Beitrag von Herbert Böhm (Jahrgang 1929) und Günter Böhm (Jahrgang 1939)

Im Juni 1945 kam eine polnische Militäreinheit nach Friedland. Es war ein seltsames Bild. Erst ein Offizier auf einem Schimmel, dann ein Pak-Geschütz von Pferden gezogen, dann Soldaten, vielleicht 100 Mann. Sie hatten die typischen viereckigen polnischen Mützen auf und wurden von uns deutschen 16-jährigen Jungens nicht als Sieger betrachtet. Sieger waren für uns die Russen. Die Polen zogen zur tschechischen Grenze nach Göhlenau und richteten dort Grenzposten ein. Dann wurde alles polonisiert. Strassenschilder in polnisch, Geschäfte in polnisch, Polizei polnisch. Immer mehr polnische Zivilisten kamen aus Ostpolen, aber auch aus Frankreich. Wir hörten das Schlesien bis zur Görlitzer Neisse an Polen kommen sollte. Das war für uns zuerst unfassbar, da Polen ca 150 km und die Tschechoslowakei nur 3 km entfernt war. Wir hatten eher damit gerechnet, das wir zu den Tschechen kommen könnten.

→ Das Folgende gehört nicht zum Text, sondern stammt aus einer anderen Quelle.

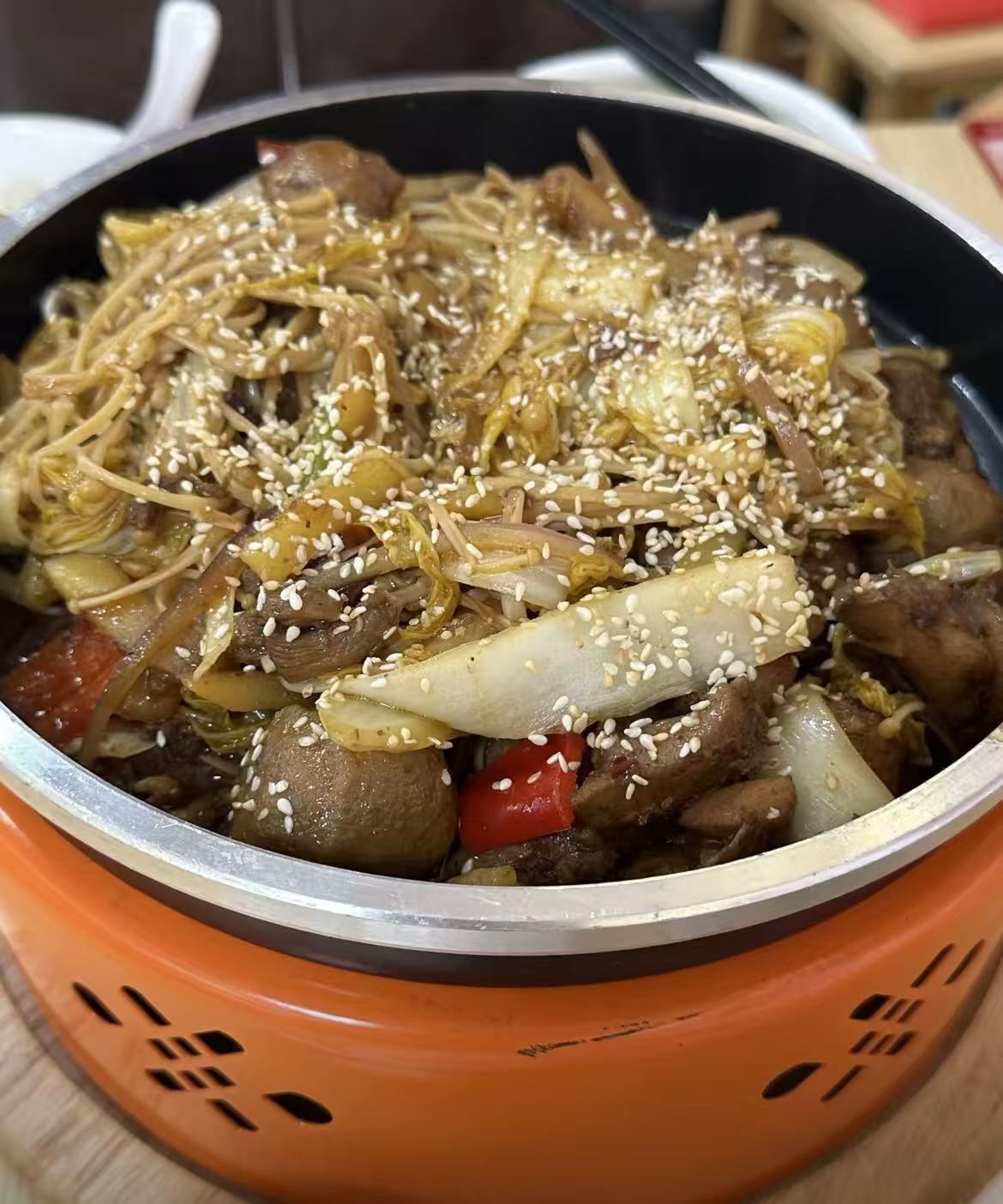 Braised chicken pot with mushroom and cabbage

Wir Deutsche waren rechtlos. Es gab keine Arbeit, keine Rente für die alten Leute, die Menschen wurden aus den Wohnungen buchstäblich hinausgeworfen, hatten somit auch nichts mehr gegen Lebensmittel einzutauschen. Die Miliz ging rigoros gegen Deutsche vor. Es war gleich, ob jemand Nazi war oder nicht. Man wurde als 'deutsches Schwein' bezeichnet. Es herrschte der Pöbel. Polen, die anständig waren - auch diese gab es - mussten wegsehen und schweigen. Auch ich wurde einmal von einem Milizmann schwer verprügelt, da ich nach der Sperrstunde noch auf der Strasse war. Vater hatte als Bergmann einen 'Nichtausweisungsbescheid' erhalten, der an der Tür befestigt war. Alle anderen Deutschen mussten die Stadt verlassen. Erst waren es sogenannte wilde Ausweisungen, 'wilde Trecks'.

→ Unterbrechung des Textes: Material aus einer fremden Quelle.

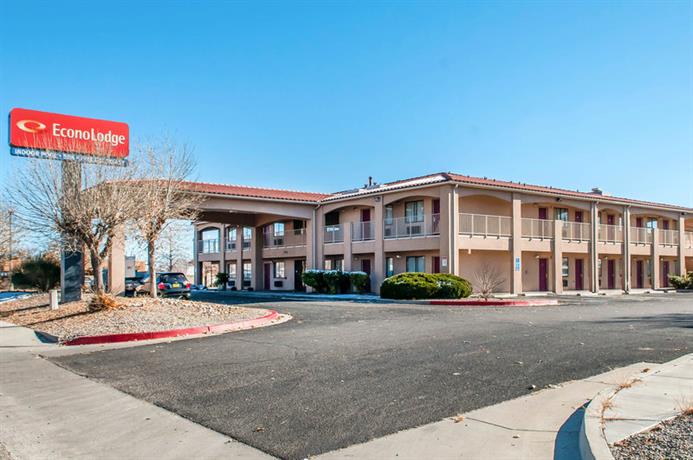 Econo Lodge West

Ich kann nicht mehr genau sagen, wann die Vertreibung der Deutschen in Friedland, das nun Mieroszów heisst, durch Sonderbefehl begann. Ich vermute, es war im Sommer 1945, denn es war heiss und schönes Wetter. Vater hatte damals noch nicht den Bescheid des Bergwerkes, also die Nichtausweisungsbescheinigung. Eines Tages erschien ein polnischer Beamter mit mehreren Soldaten. Sie kamen in das Haus und ordneten an, dass die Familie Neugebauer (Molkerei), ein Ehepaar von cirka 60 Jahren, sowie die Familie David (Klempnerei) ungefähr das gleiche Alter die Wohnungen in kurzer Zeit, vielleicht eine halbe Stunde, zu verlassen haben, um sich auf der Landeshuter Strasse in einer Kolonne zu sammeln. Die Polen kamen auch in unsere Wohnung und ordneten die Vertreibung an. Vater versuchte zu erklären, dass er im Bergbau arbeitete. Doch wir konnten nicht polnisch und sie sprachen kein deutsch. Vater ging zum Kohlenkasten und nahm ein Stück Kohle heraus und sagte "wengler rabottki" oder so ähnlich und nun verstanden die Polen, dass er im Bergbau beschäftigt war. Wir konnten in unserer Wohnung bleiben. Neugebauer hatte sich von Treutler einfach den kleinen Leiterwagen genommen und sein Handgepäck darauf verstaut. David versuchte sich auf der Toilette, die im Anschluss an die Schuppen war - ein sogenanntes Plumsklo - zu verstecken. Doch er hatte Pech, auf dem Klo sass ich und hatte die Tür von innen abgesperrt. Ein polnischer Soldat hatte David verfolgt, eingeholt und zusammengeschlagen. David war Tscheche, seine Frau war Deutsche, er hatte einen Sprachfehler und stotterte. Der Pole wird wohl gedacht haben, das er Deutscher war und sich nur als Tscheche ausgab. Es war ein Elendszug von Deutschen, der nun unter Bewachung vom polnischen Militär auf der Landeshuter Strasse stadtauswärts zog. Meine Eltern und ich haben von der Familie Neugebauer und der Familie David nie wieder etwas erfahren.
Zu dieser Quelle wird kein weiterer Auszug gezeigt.